Il faut bien comprendre pourquoi le communiqué final n’a pas fait état de chiffres d’aide de l’Europe vers l’Afrique. Les paradigmes même de l’assistance internationale ont été ringardisés avec la pratique du win-win chinois qui ne laisse aucune chance aux anciennes méthodes. En mettant en avant d’abord, l’intérêt économique de ses partenaires africains, la Chine a rapidement dépassé les pays européens et se pose aujourd’hui en premier partenaire commercial de l’Afrique. Les échanges commerciaux entre l’Europe et l’ensemble du continent africain représentaient 286 milliards d’euros en 2015, avec une balance commerciale favorable de 22 milliards pour l’Union européenne (UE). Or le volume des échanges entre l’Afrique et la seule Chine a atteint 126 milliards d’euros en 2016 (49,87 milliards d’importations et 77,23 milliards d’exportations). L’Union Européenne reste le premier donateur de l’Afrique avec 21 milliards d’euros d’aide au développement versés en 2016.

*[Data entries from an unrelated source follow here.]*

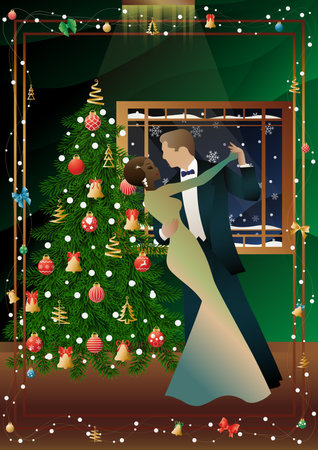 Happy loving couple having fun on New Year party near Christmas tree. Concept for holiday, winter holidays, New Year, Christmasのイラスト素材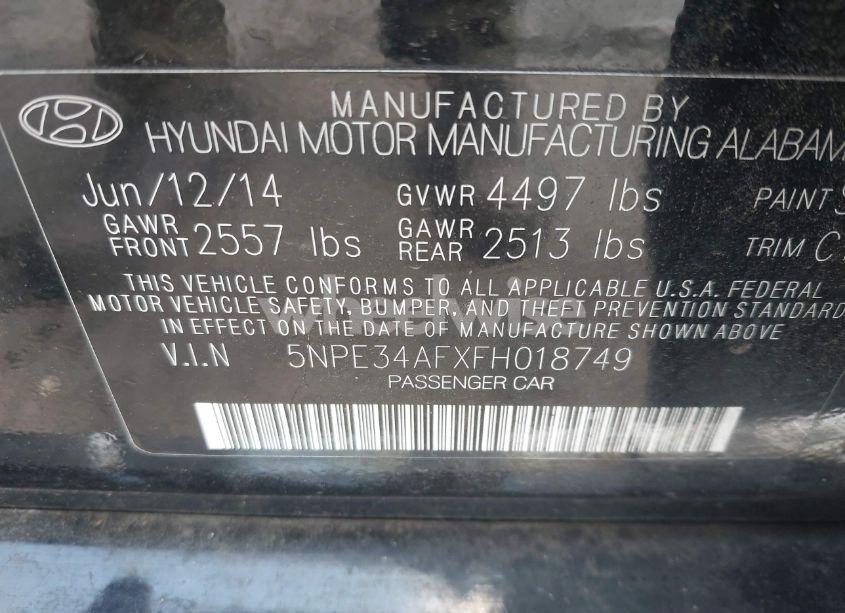 Photo 9 of 2015 Hyundai Sonata LIMITED (VIN 5NPE34AFXFH018749)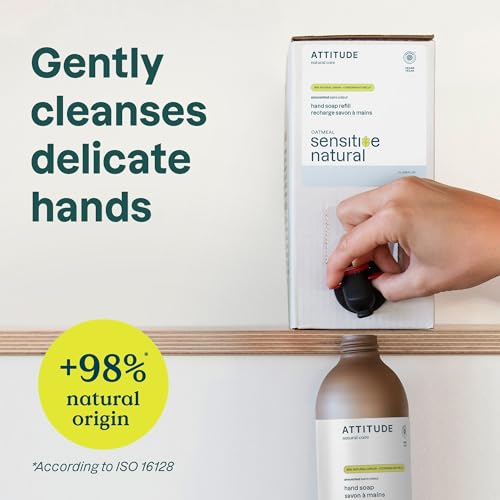 Sabonete Líquido ATTITUDE para Pele Sensível, Verificado pelo EWG, Enriquecido com Aveia, Testado Dermatologicamente, Vegano, Sem Fragrância, Recarga Econômica, 2000 ml
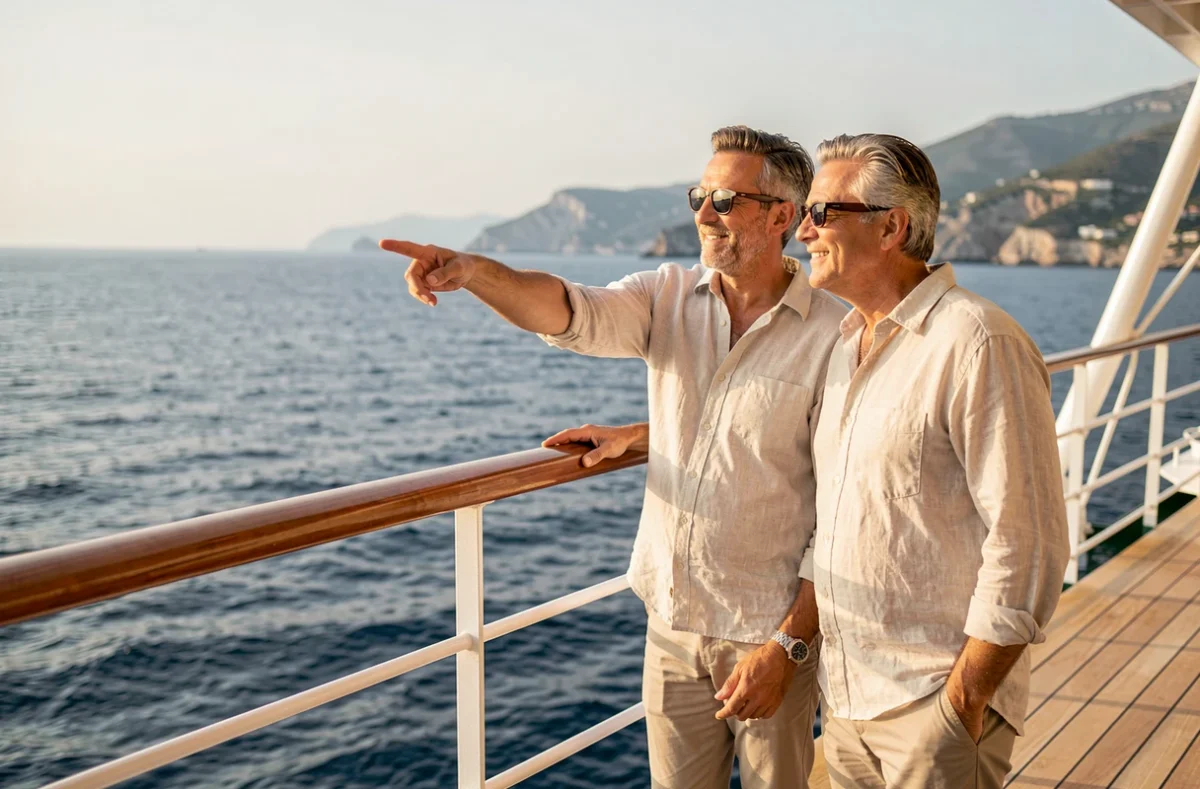 Couple de voyageurs sur le pont d'un bateau de croisière en Méditerranée admirant la côte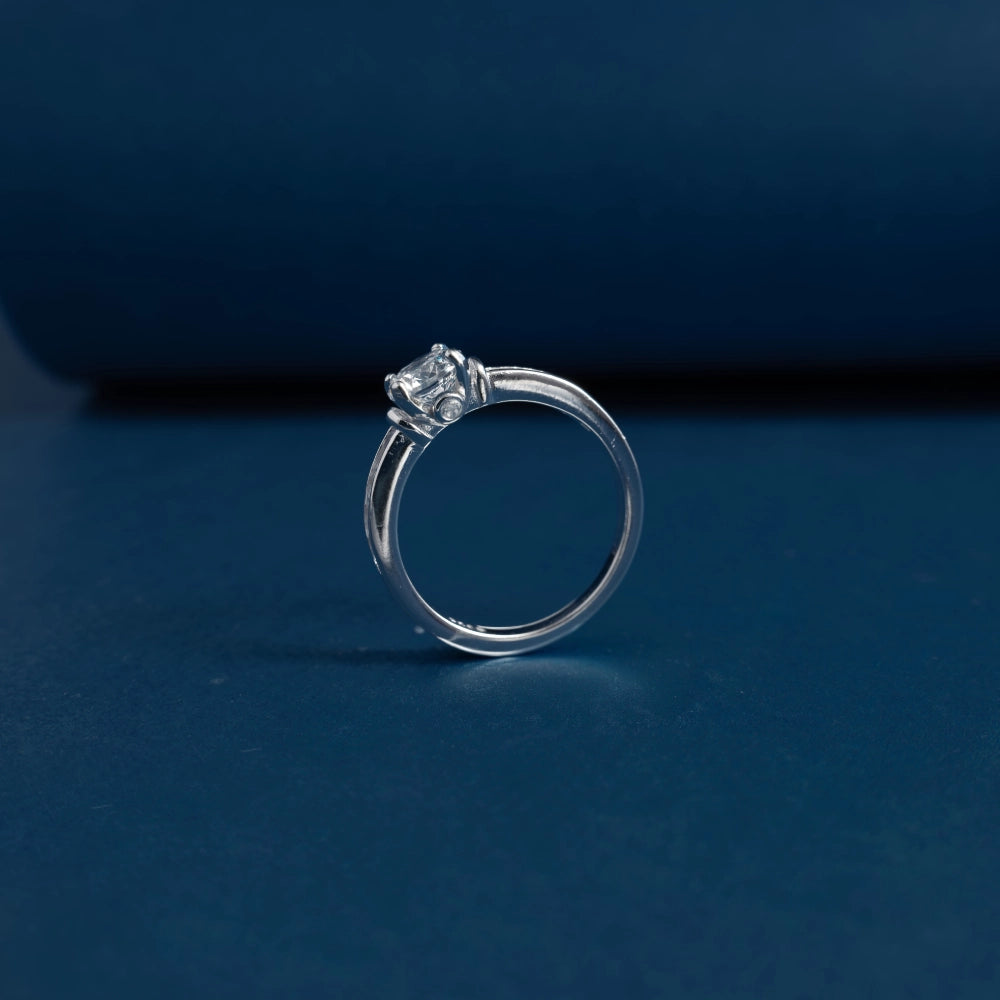 Classic Solitaire Crystal Ring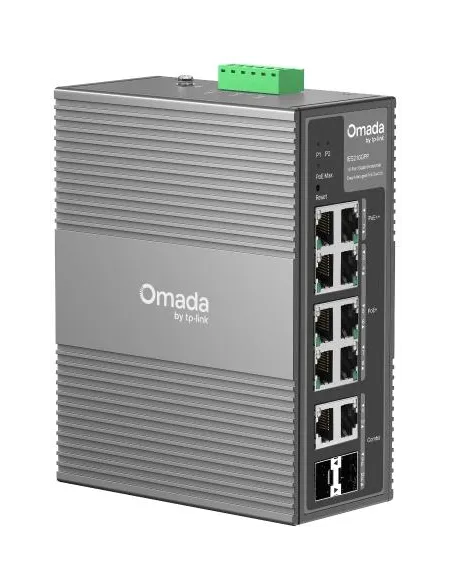 TP-Link Omada IES210GPP Switch Gestionado 8 Puertos Gigabit Ethernet L2 PoE++ Cloud DIN Rail Rack Gris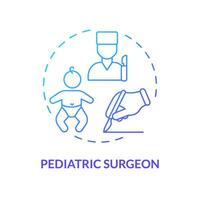 pediatrisk kirurg blå lutning begrepp ikon. kirurgisk procedur. rörelse rum. barn patient. barn kirurgi. medicinsk läkare abstrakt aning tunn linje illustration. isolerat översikt teckning vektor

Mais ce qui compte aujourd’hui, c’est moins les milliards d’aide versés que la construction d’une capacité africaine de production de richesse qui passe nécessairement par la promotion de l’industrie.
Pendant longtemps, les pays européens ont conçu le développement de l’Afrique comme une menace à leur propre prospérité. L’action diplomatique et commerciale mise en place n’a jamais tenu compte du fait que l’exploitation sauvage des ressources du continent par des multinationales euraméricaines qui n’y investissent que très peu, pourrait un jour déboucher sur un tel niveau de paupérisation que le revers en serait immédiat pour l’Europe elle-même. Nous y sommes aujourd’hui. Les dizaines de milliers de migrants, chassés par les guerres et la misère, sont aussi les produits de la conception néocoloniale du capitalisme européen. Cette conception n’accorde jamais qu’un rôle prédateur pour les multinationales euraméricaines en Afrique. Il faut maintenant sortir de ce schéma et intégrer l’idée que l’épanouissement des entreprises typiquement africaines fera le bonheur des entreprises européennes.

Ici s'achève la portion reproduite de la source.